The tribunal spent a number of years probing the acquisition of the site by the O’Brien family.
And, although it never established a direct link to Mr Lowry, it concluded the arrangement was set up to reward the former minister.
The Belle Vue ground in Doncaster was bought by a company owned by the O’Brien family trust in August 1998 for Stg£4.3m.
It was key to a plan to take over the lower-league football club in order to access and develop its four-hectare town-centre site.
However, the ground has remained vacant and dilapidated in recent years after the sporting side of the business was sold and the team relocated to a newly built stadium nearby.
Last year, press reports in Doncaster suggested the proceeds of the impending sale will be divided evenly between the council and Mr O’Brien’s company.

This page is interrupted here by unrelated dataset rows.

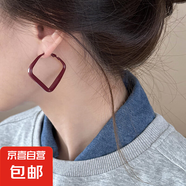 銀針安可拉紅色耳圈耳環(huán)韓國簡約時尚設(shè)計(jì)感耳墜網(wǎng)紅氣質(zhì)耳飾批發(fā) 4#銀針-方形小號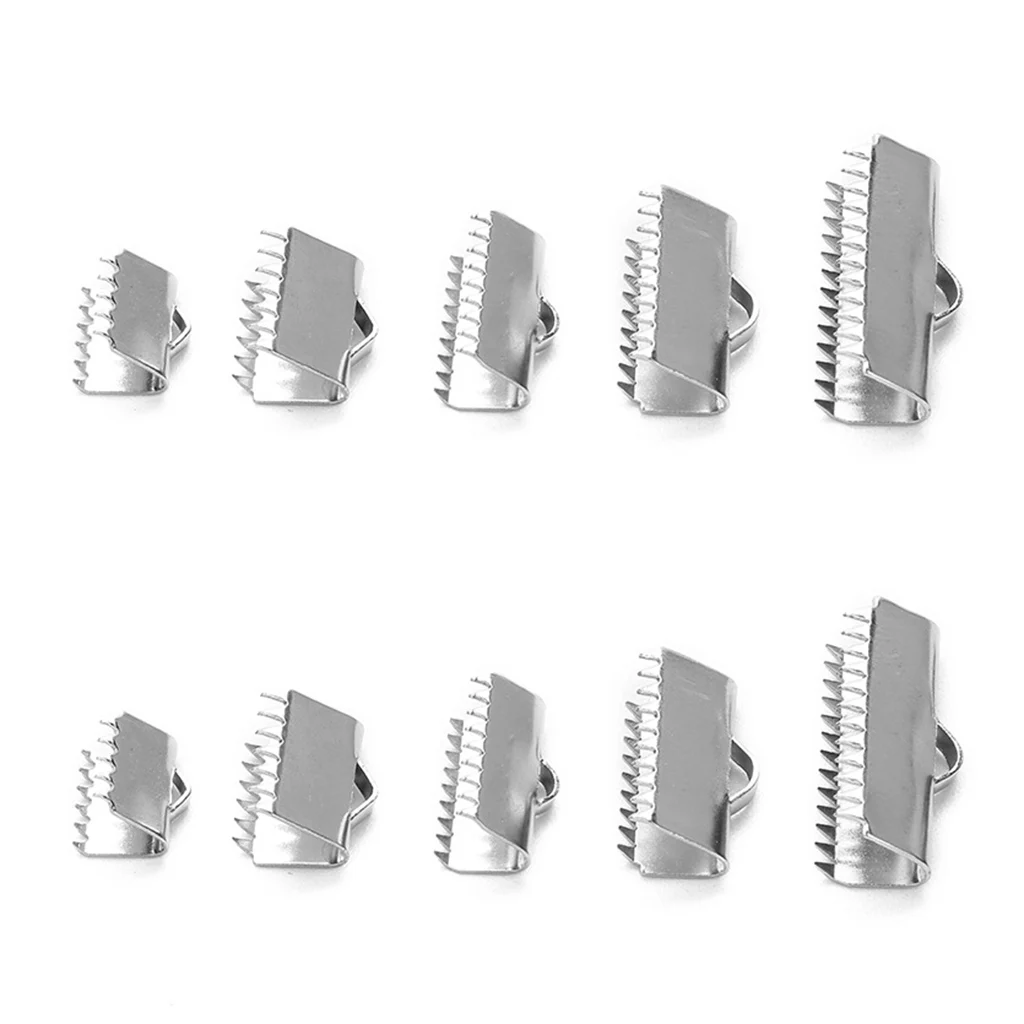 20Pcs Iron Ribbon Ends Bracelet Crimp Clamp End Findings Cord Fasteners Clasp Leather Jewelry Making | Украшения и аксессуары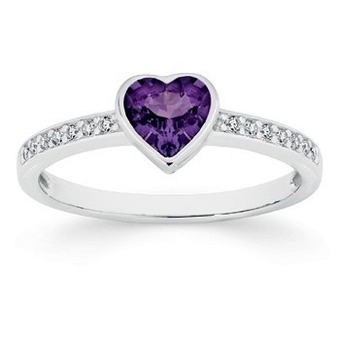 Angus & Coote Sterling silver amethyst & cubic zirconia heart ring offer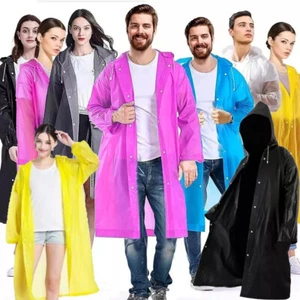 Raincoat Waterproof Poncho Reusable Plastic Adult Camping Festival Rain Coat - Picture 1 of 29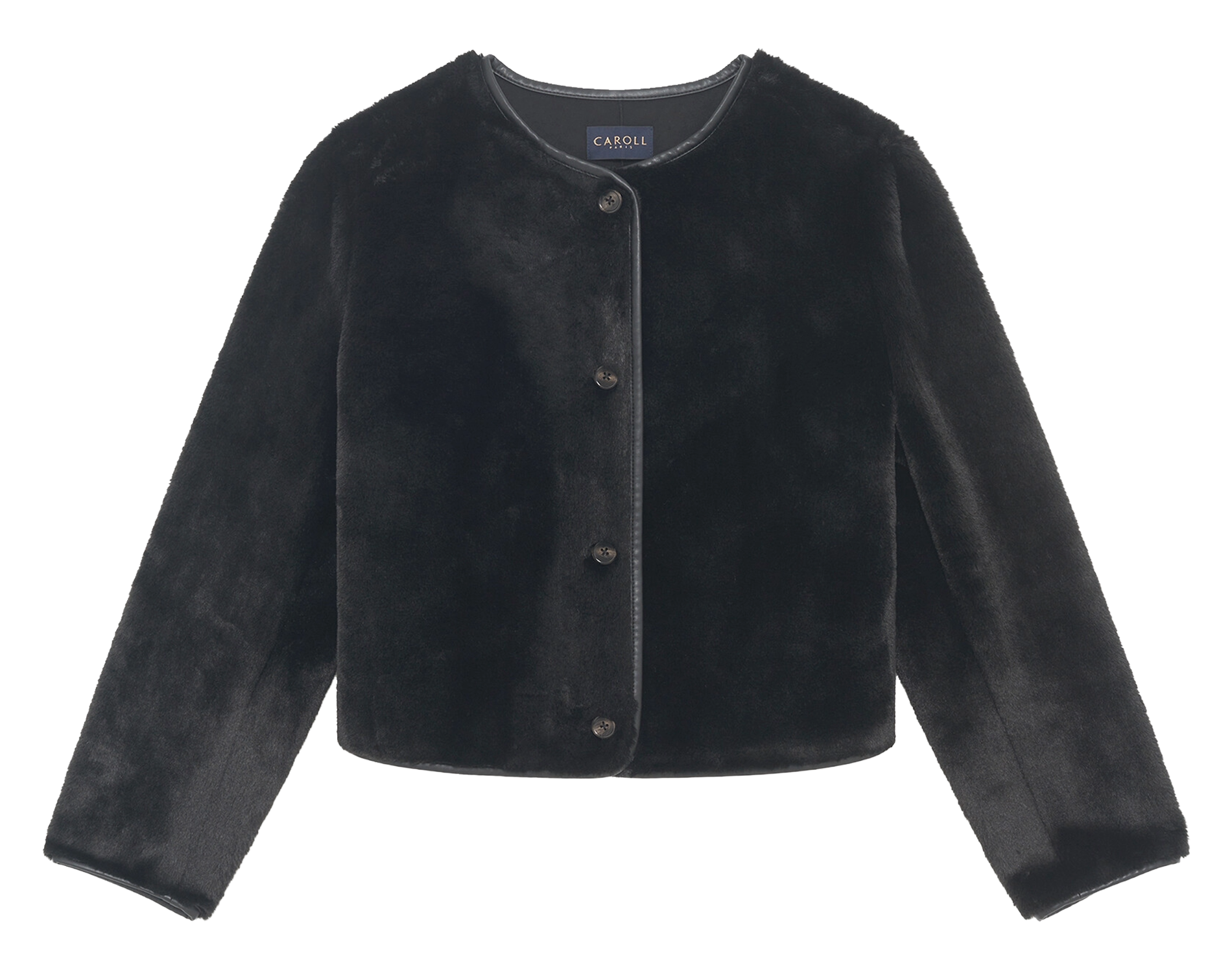 Straight round-neck jacket CAROLL Black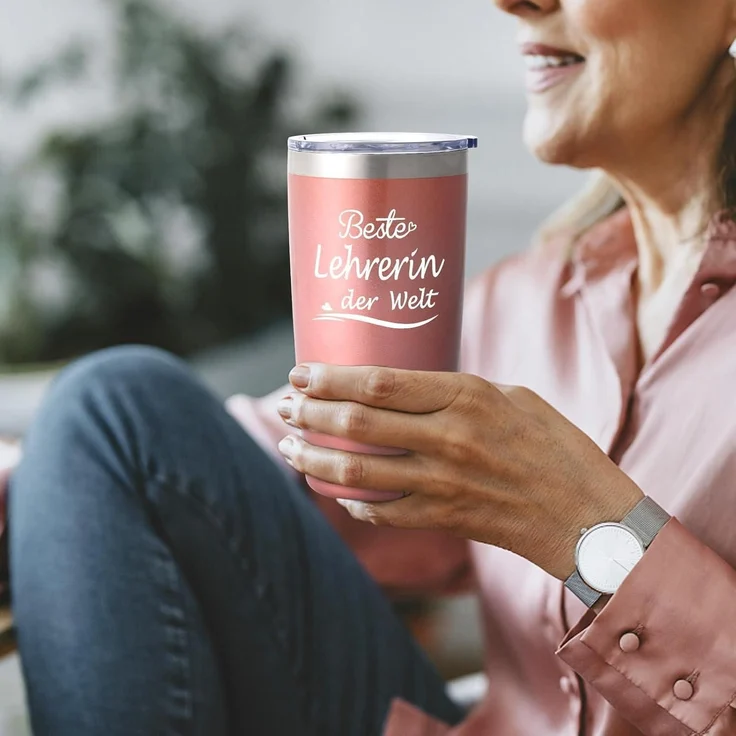 Livole Beste Lehrerin der Welt Thermobecher 600ml Roségold – Bild 3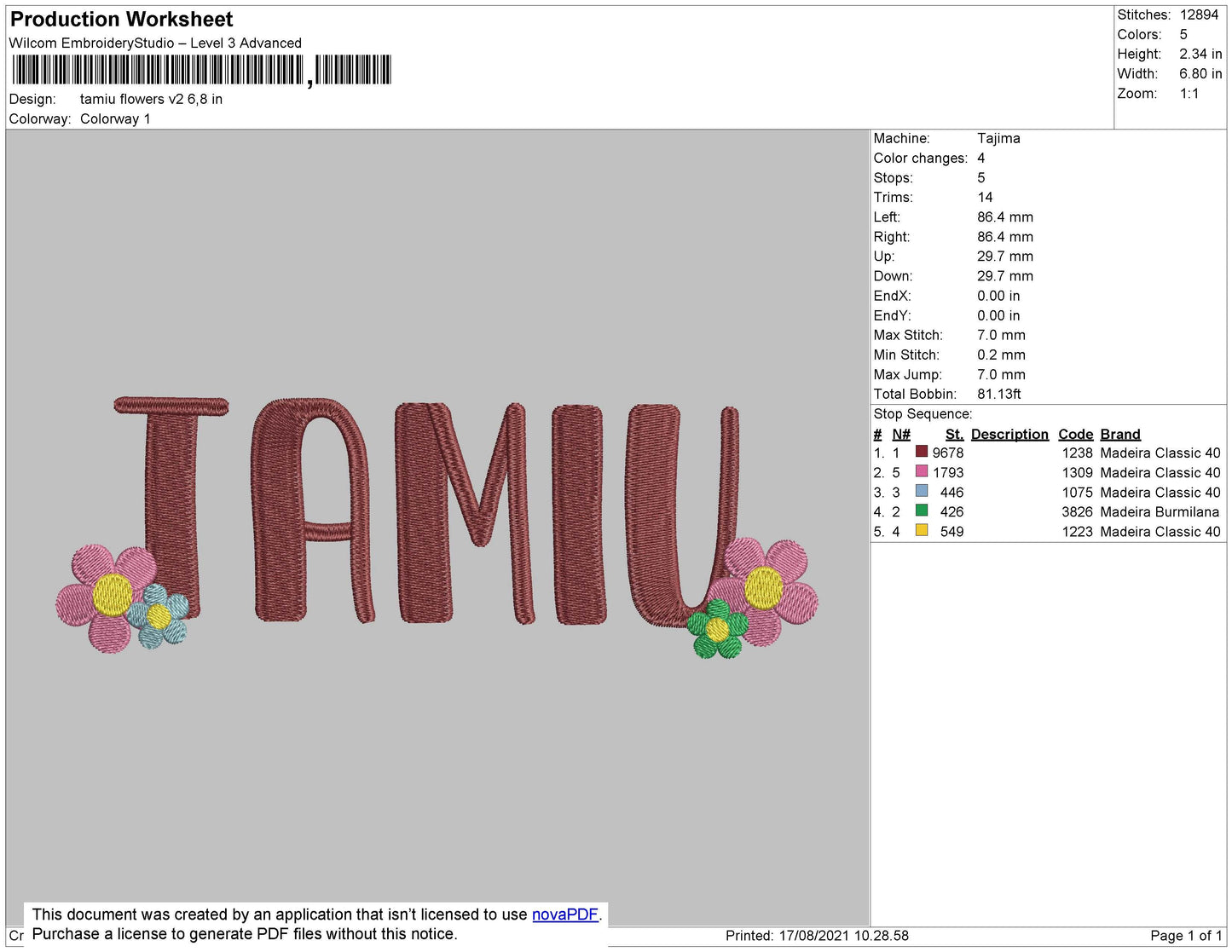Tamiu Flowers V2 Embroidery File 4 size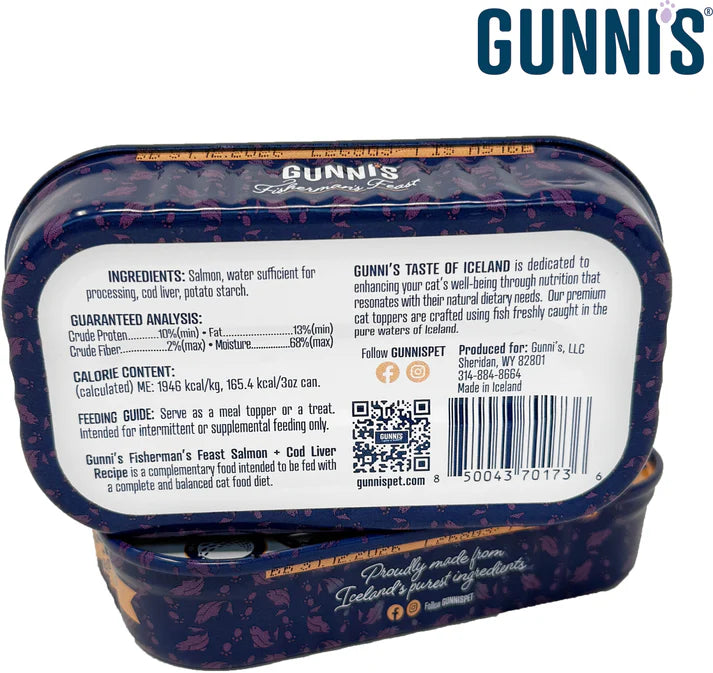 Gunni's Salmon and Cod Liver Recipe Food Topper For Cats 3oz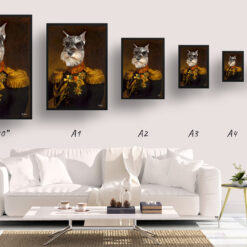 The Prince - Renaissance Dog portrait from photo - Framed & un-framed print 17 renaissance portraits prince dog print print size comparison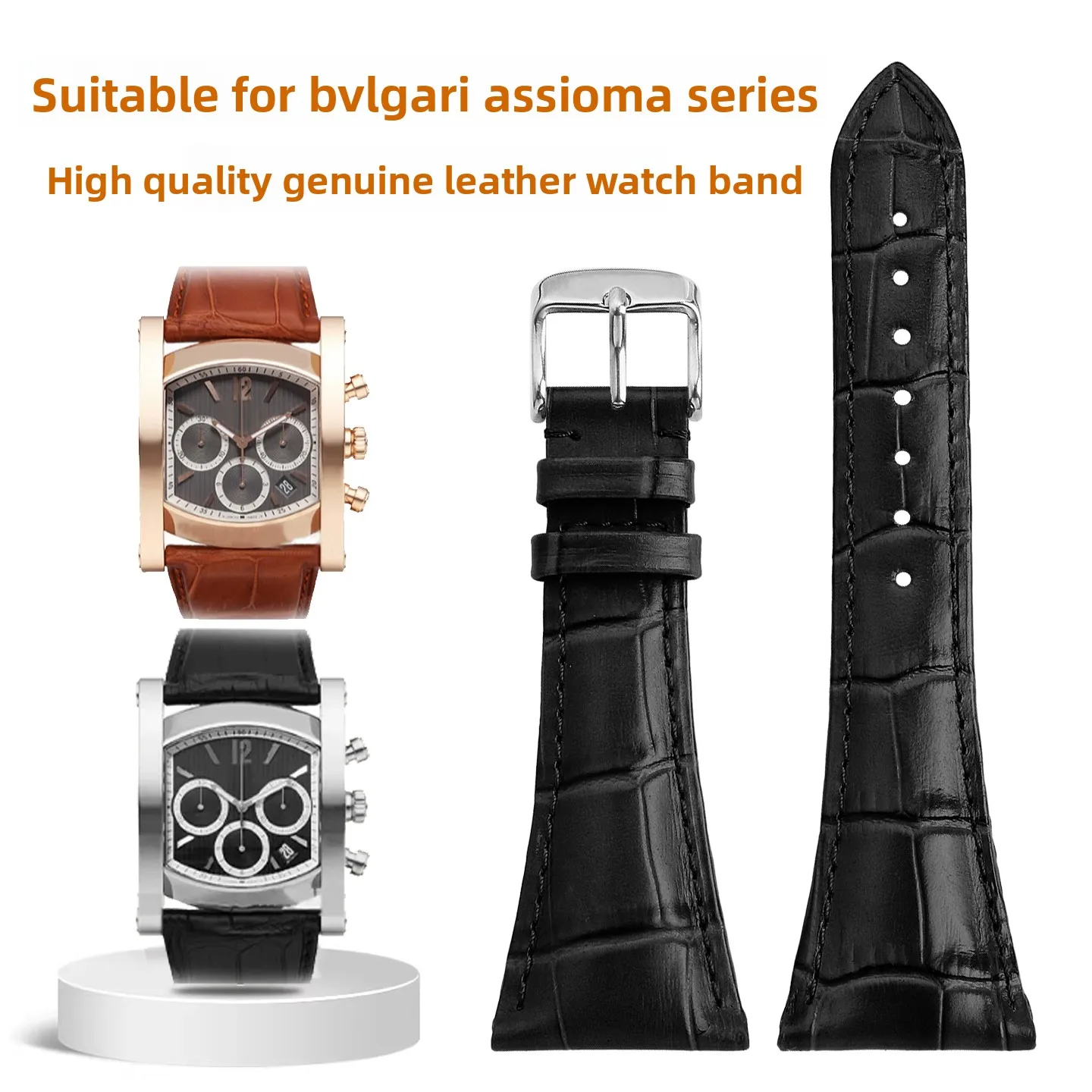 Фото Подходит для замены ремешка часов Bulgari ASSIOMA Series AA48C13GLDCH, ремешок из кожи аллигатора. №1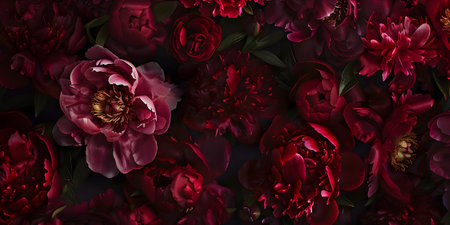 Vibrant magenta petals of annual plant on dark canvasの素材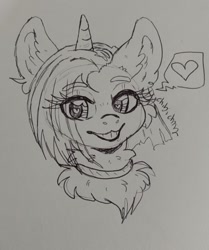 Size: 720x862 | Tagged: safe, artist:chibichangeling, derpibooru import, oc, oc only, oc:sight unseen, unicorn, :3, bust, collar, female, fluffy, heart, heart eyes, looking at you, mare, monochrome, portrait, signature, simple background, sketch, smiling, smiling at you, solo, speech bubble, straight mane, traditional art, white background, wingding eyes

Mr O’Brien’s company, Doncaster Rovers Football Club Ltd, has more than 50 years remaining on the lease for its portion of the site. DRFC Ltd is owned by Westferry Ltd, which in turn was controlled by an O’Brien family trust.
A statement on behalf of the O’Briens said that Mr Lowry never had any “hand, act or part” in the purchase of shares related to Don-caster Rovers and not one of the 10 tribunal witnesses who gave evidence on the deal said the former minister was involved.
The site was jointly marketed by DRFC Ltd and Doncaster Council last year.
According to a tender brochure released by Doncaster Council, the O’Briens’ company has agreed to give up the lease once the sale is complete.
The council said a preferred bidder had been agreed and the parties would be reviewing contracts this month. “The proposed sale is conditional on the buyer obtaining planning permission for residential development and the buyer will be submitting an a planning application shortly after exchange of contracts.”
Until these were signed, it would not comment on the price agreed or the compensation that will be paid to the O’Briens’ company. “This remains commercially sensitive information pending exchange of contracts.”
The tribunal was never able to establish a clear link between Mr Lowry and the Doncaster deal.
And the suggestion that Mr Lowry was involved in the Doncaster project was denied by him, Mr O’Brien and the other connected parties who gave evidence.
However, in its conclusions, the tribunal said while it would not comment on how Mr Lowry may have been involved in the transaction, it said it was satisfied the deal was intended to result in a “payment to, or the conferral of a pecuniary advantage on, Mr Lowry by Mr Denis O’Brien”.
Under the original terms, land agent Kevin Phelan was in line to claim 40% of the profits from the resale of the Doncaster property for his work preparing the plan.